O ministro Carlos Fávaro aposta na solidez do projeto, que foi objeto de estudo desde o ano passado. "Viemos apresentar uma proposta para reconstruir o seguro rural no País. Trouxemos algo muito factível, que ainda precisa ser aperfeiçoado e debatido em outras instâncias do governo. Nosso objetivo é deixar como legado um novo modelo de seguro agrícola para o Brasil”, destacou.
A iniciativa é parte de um esforço para consolidar uma política pública mais moderna e adaptada ao cenário de maior instabilidade climática, agravada pela alternância de eventos de seca e excesso de chuvas. Mas o processo de construção tem despertado preocupação entre seguradoras e resseguradoras, que afirmam não terem sido convidadas a participar das discussões. A Federação Nacional de Seguros Gerais (FenSeg), que representa as companhias do setor, vê com cautela a forma como o debate vem sendo conduzido e alerta que o desenho de um sistema sem diálogo com o mercado pode resultar em mais discurso do que resultado prático.
“Não houve qualquer discussão com as seguradoras ou com os resseguradores sobre o novo modelo que está sendo elaborado”, afirmou Glaucio Toyama, presidente da Comissão de Seguro Rural da FenSeg. “Você não muda um modelo de negócio da noite para o dia sem conversar com todo o ecossistema. A realidade do produtor do Rio Grande do Sul é muito diferente da de um agricultor do Mato Grosso, e isso precisa estar refletido nas regras e na precificação do seguro.”

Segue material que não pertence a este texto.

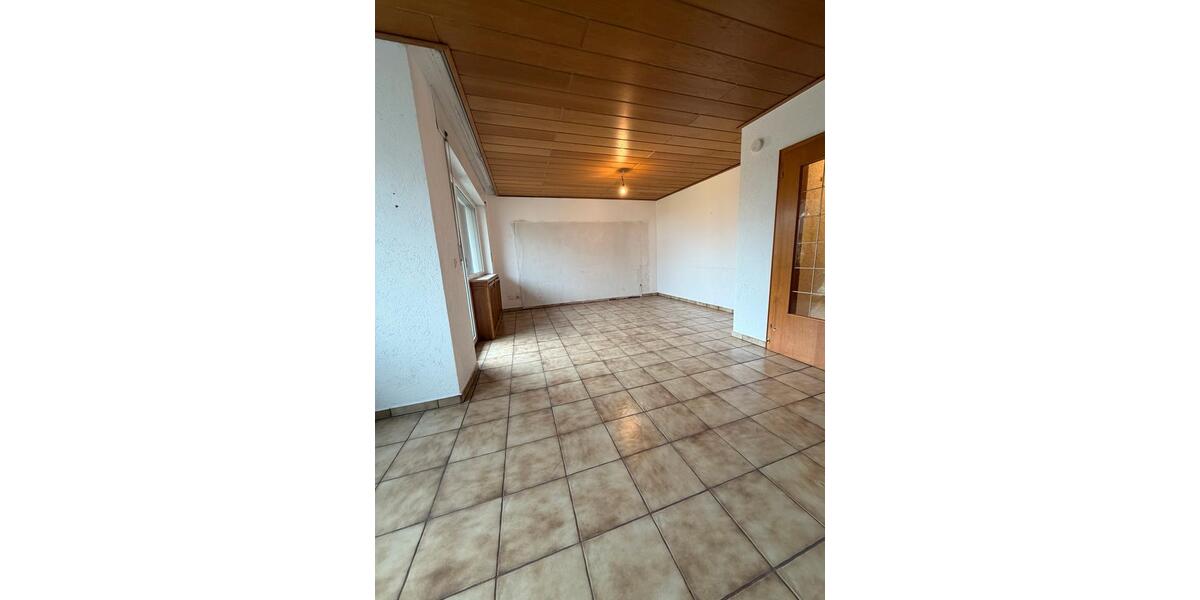 Doppelhaushälfte Bergkamen - 5.5 Zimmer, 94 m&sup2;, 1.090&euro; | Angebot:25982312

O secretário de Política Agrícola do Ministério, Guilherme Campos Jr., disse que a construção da nova ferramenta está a cargo do ex-ministro da Agricultura Roberto Rodrigues, articulador da criação do seguro agrícola no País, no primeiro mandato do presidente Luiz Inácio Lula da Silva. E acrescentou que as companhias operadoras estão a par do desenvolvimento do novo modelo, mas que elas terão de se adaptar às circunstâncias.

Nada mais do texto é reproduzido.